- Supplied information
————
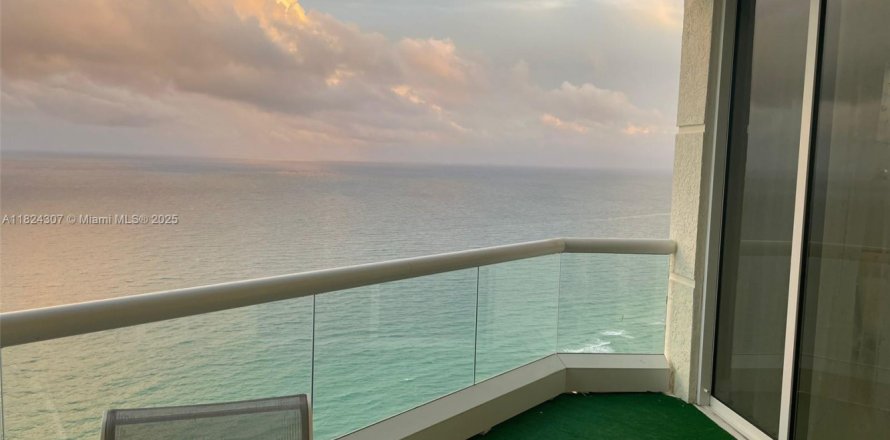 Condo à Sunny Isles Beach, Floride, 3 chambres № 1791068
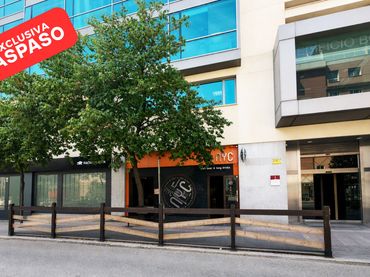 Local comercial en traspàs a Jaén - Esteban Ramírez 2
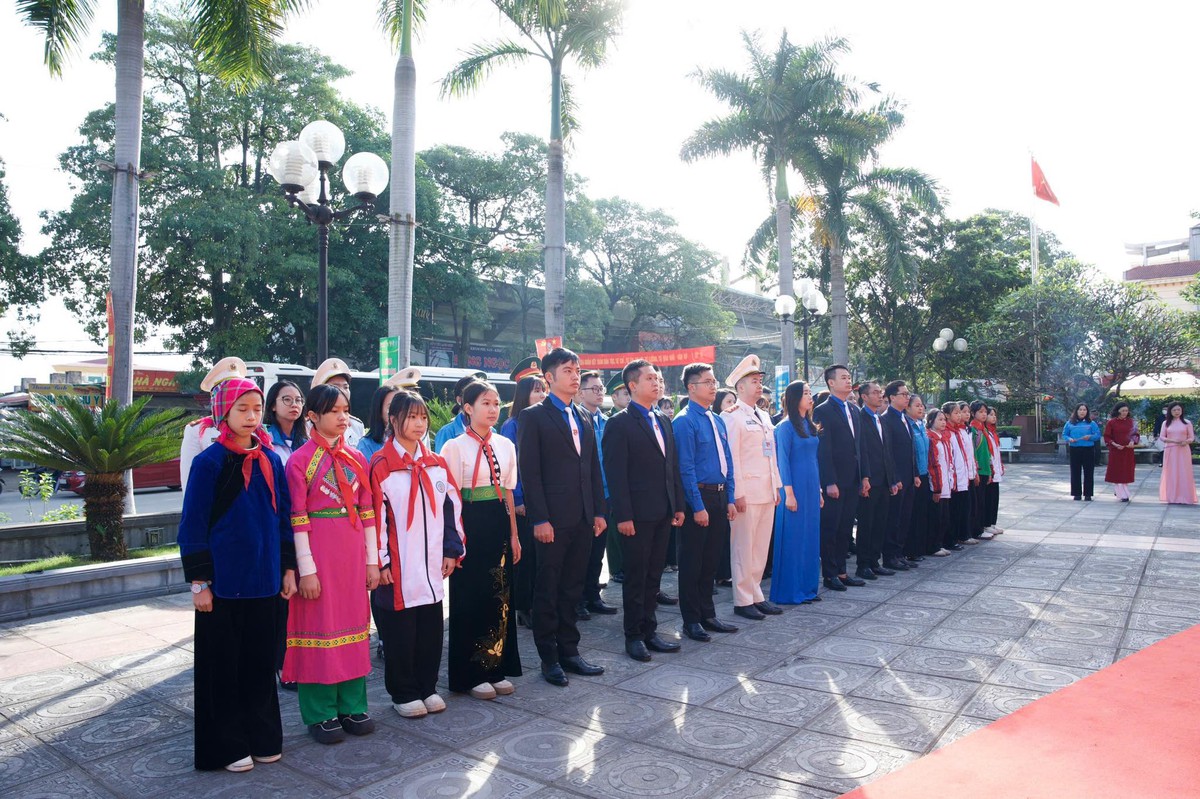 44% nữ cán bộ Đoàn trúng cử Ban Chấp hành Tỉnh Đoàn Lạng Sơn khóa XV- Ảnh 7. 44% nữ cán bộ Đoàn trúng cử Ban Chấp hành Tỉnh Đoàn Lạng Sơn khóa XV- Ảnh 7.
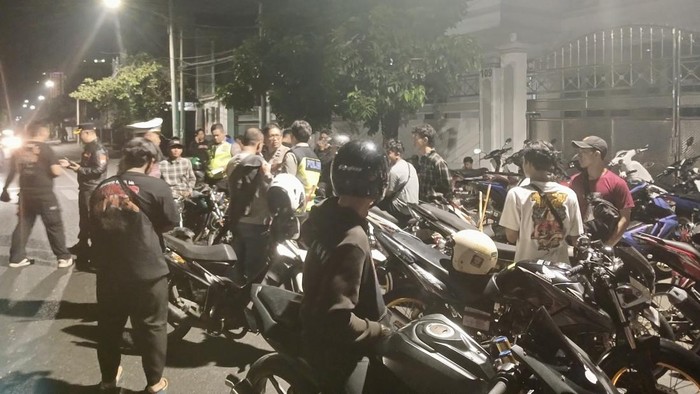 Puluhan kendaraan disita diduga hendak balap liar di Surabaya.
————
- Your instructions
The lines from the one containing "Local comercial en" through the final line of the data are to be repeated exactly, with both ends included and all pictures left out.

- Task result
 Local comercial en traspàs a Jaén - Esteban Ramírez 2
 44% nữ cán bộ Đoàn trúng cử Ban Chấp hành Tỉnh Đoàn Lạng Sơn khóa XV- Ảnh 7. 44% nữ cán bộ Đoàn trúng cử Ban Chấp hành Tỉnh Đoàn Lạng Sơn khóa XV- Ảnh 7.
 Puluhan kendaraan disita diduga hendak balap liar di Surabaya.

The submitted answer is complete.